Sesampainya di rumah, Panca mengecek kondisi ibunya, lalu pergi mandi. Setelah selesai mandi, ia menggosok rambutnya yang agak panjang dengan sehelai handuk. Ibunya sudah lelap tertidur dan Mbok Juminem beristirahat. Panca pun membuka tutup gelas kopinya. Disulutnya rokok perlahan untuk ia nikmati sendiri dalam keheningan. Diputarnya lagi Butiran Angin dari ponsel. Ia nikmati setiap alunannya.
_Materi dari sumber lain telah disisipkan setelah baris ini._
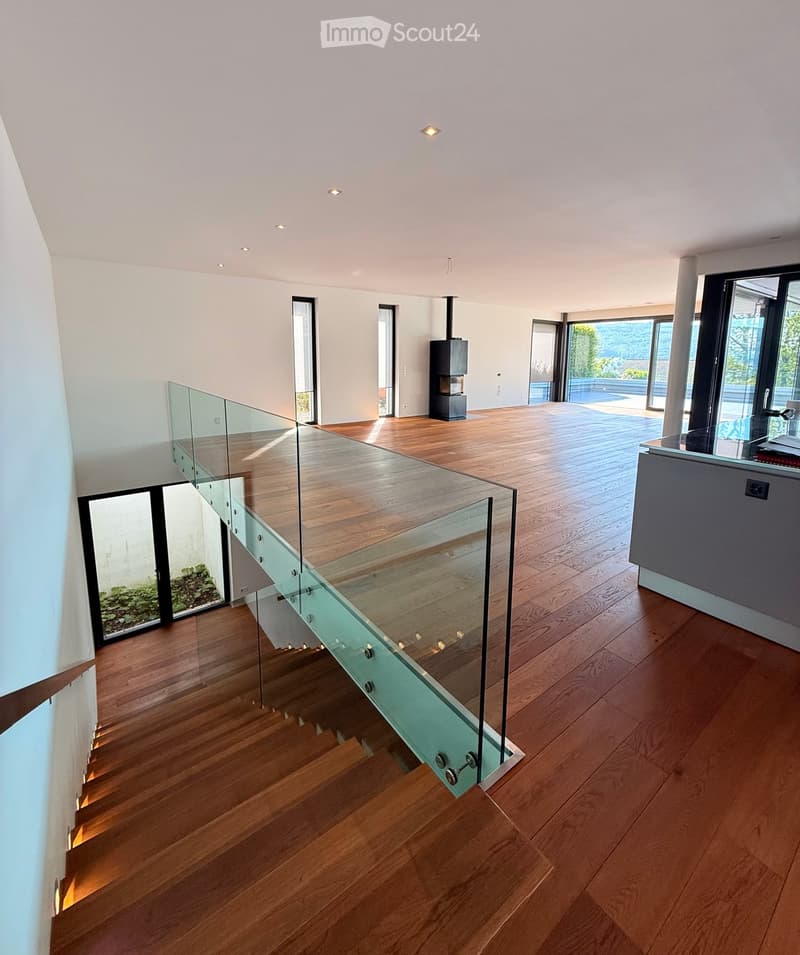 Modern hallway with wooden flooring, glass railing, and recessed lighting. Features large windows and a view of the outdoor area.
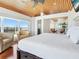 Bright bedroom boasts vaulted wood ceiling and large picture windows with ocean views at 534 Beach Rd, Sarasota, FL 34242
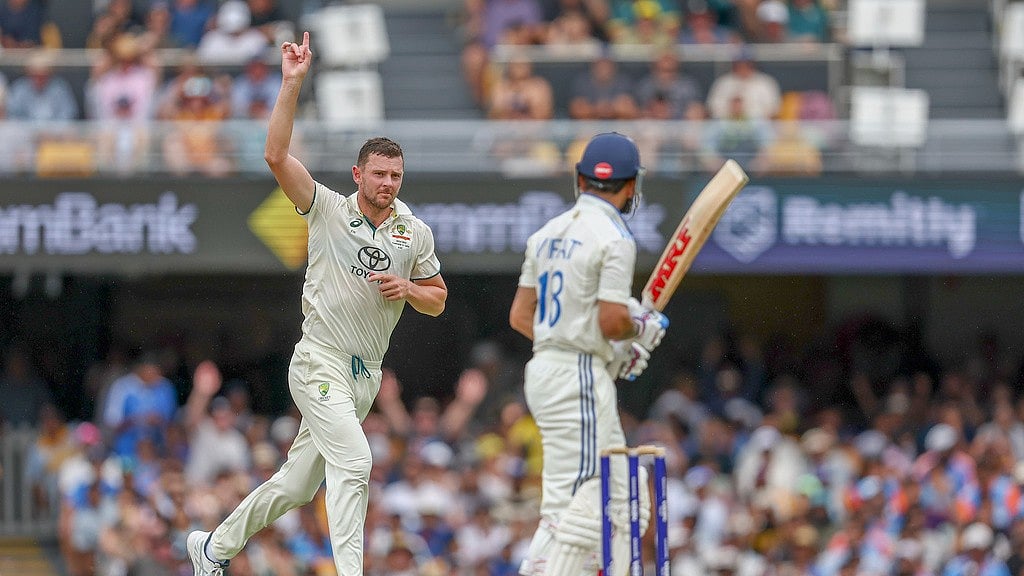 AP/Pat Hoelscher : Australia's Josh Hazlewood, left, celebrates the wicket of India's Virat Kohli, right, during play on day three of the third cricket test between India and Australia at the Gabba in Brisbane, Australia, Monday, Dec. 16, 2024.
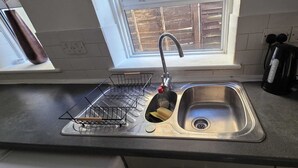 Une cuisine équipée d’un évier en acier inoxydable, d’un égouttoir, d’une bouteille de liquide vaisselle et d’une bouilloire.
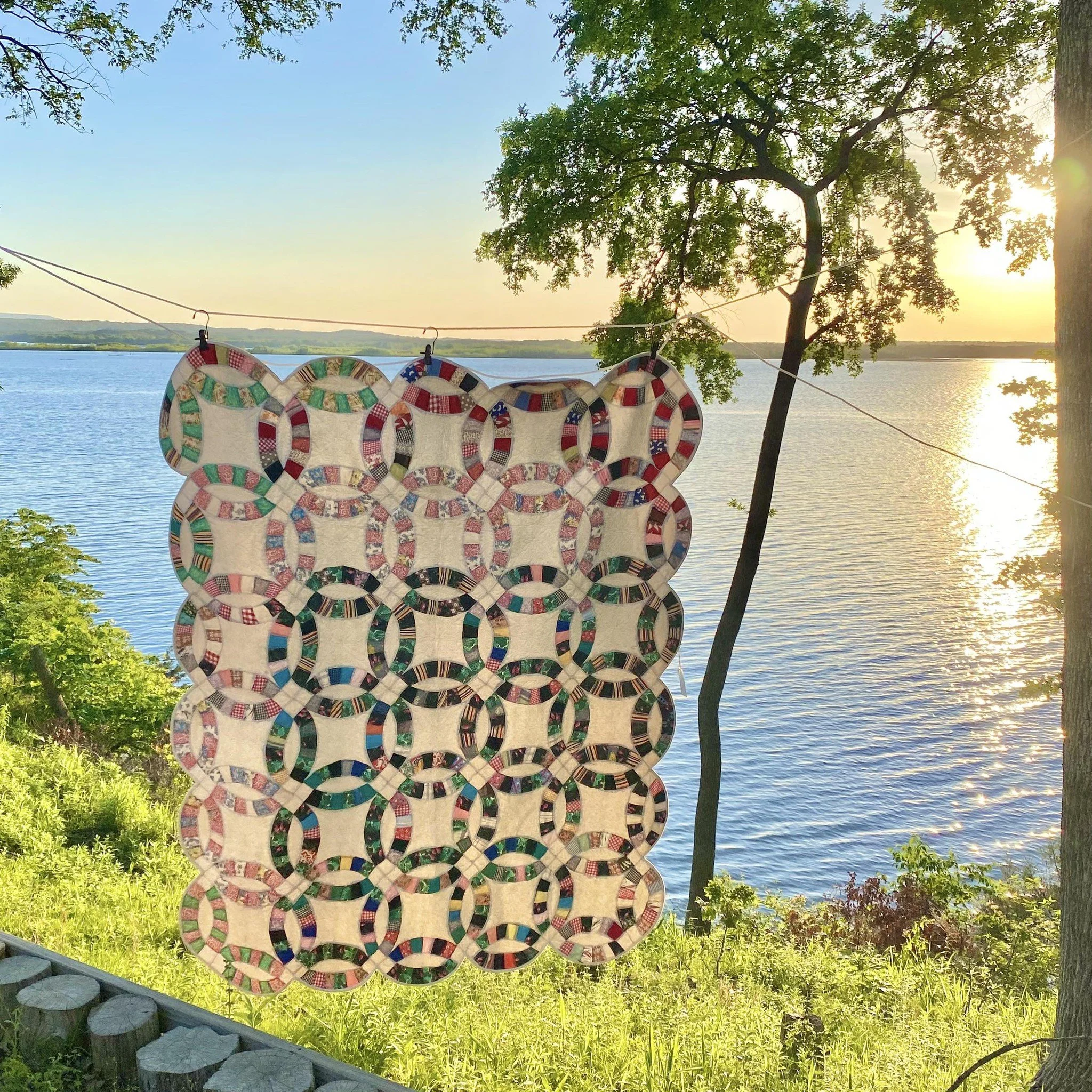 Colorful quilt hanging on a line near a lake at sunset.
"Tuhan, kenapa masih ada perempuan seperti Erika? Kenapa ada orang di Jakarta ini, yang peduli pada ibu-ibu tua dan hilang arah," pikir Panca. Sebatang rokok pertama diisapnya. Kopi hitam pun disesapnya. Ia kembali mengembuskan asap perlahan dan bersandar nyaman di kursi beranda rumah peninggalan almarhum ayahnya. Rumah itulah yang Panca dan ibunya tinggali berdua selama ini sejak SMP. Sebagai anak satu-satunya yang pernah jadi berandal, Panca kini menjadi pengganti ayahnya, menjadi kepala keluarga.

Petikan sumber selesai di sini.